With a purpose to built architecture for deep learning, Intel launched its Intel Nervana Neural Network Processor (NNP). This new architecture provides the needed flexibility to support all deep learning primitives while making core hardware components as efficient as possible. Intel also mentioned that it was working with Facebook, the two aim for a chip that’s “highly tuned” and “a leap” in terms of handling inference-related tasks.
“Facebook is pleased to be partnering with Intel on a new generation of power-optimized, highly tuned AI inference chip that will be a leap in inference workload acceleration,” Facebook said in a statement.
The Intel Nervana Neural Network Processor features high-speed on- and off-chip interconnects enabling multiple processors to connect card to card and chassis to chassis, acting almost as one efficient chip and scale to accommodate larger models for deeper insights. Intel announced the Nervana Neural Network Processor (NNP-I) as an AI chip for inference-based workloads that fits into a GPU-like form factor.
With the Intel Nervana Neural Network Processor, Intel puts memory first with a large amount of HBM memory and local SRAM much closer to where compute actually happens. This means more of the model parameters can be stored on-die to save significant power for an increase in performance. Built for the future, not from the past.
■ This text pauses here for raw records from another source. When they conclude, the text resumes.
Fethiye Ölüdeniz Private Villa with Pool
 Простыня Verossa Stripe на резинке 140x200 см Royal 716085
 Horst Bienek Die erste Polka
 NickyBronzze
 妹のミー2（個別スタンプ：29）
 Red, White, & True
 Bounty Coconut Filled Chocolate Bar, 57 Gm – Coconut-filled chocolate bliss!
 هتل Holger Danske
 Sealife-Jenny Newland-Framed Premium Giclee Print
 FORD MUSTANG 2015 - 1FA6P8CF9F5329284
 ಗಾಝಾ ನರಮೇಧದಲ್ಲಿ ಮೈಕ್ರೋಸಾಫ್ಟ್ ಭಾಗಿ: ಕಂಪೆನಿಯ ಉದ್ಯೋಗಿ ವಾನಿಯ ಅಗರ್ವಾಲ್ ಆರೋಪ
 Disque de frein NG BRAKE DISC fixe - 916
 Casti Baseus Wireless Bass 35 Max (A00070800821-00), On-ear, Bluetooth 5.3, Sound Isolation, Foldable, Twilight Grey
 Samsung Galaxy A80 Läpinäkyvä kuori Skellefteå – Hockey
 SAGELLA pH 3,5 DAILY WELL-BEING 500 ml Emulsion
Intel Nervana Neural Network Processor is mainly used for media searches, content filtering and malware detection, among other purposes. Intel Nervana also uses a new numeric format, Flexpoint, that allows the sort of scalar computations central to neural network inference to be implemented as fixed-point multiplications and additions, resulting in an even greater increase in parallelism while improving power efficiency.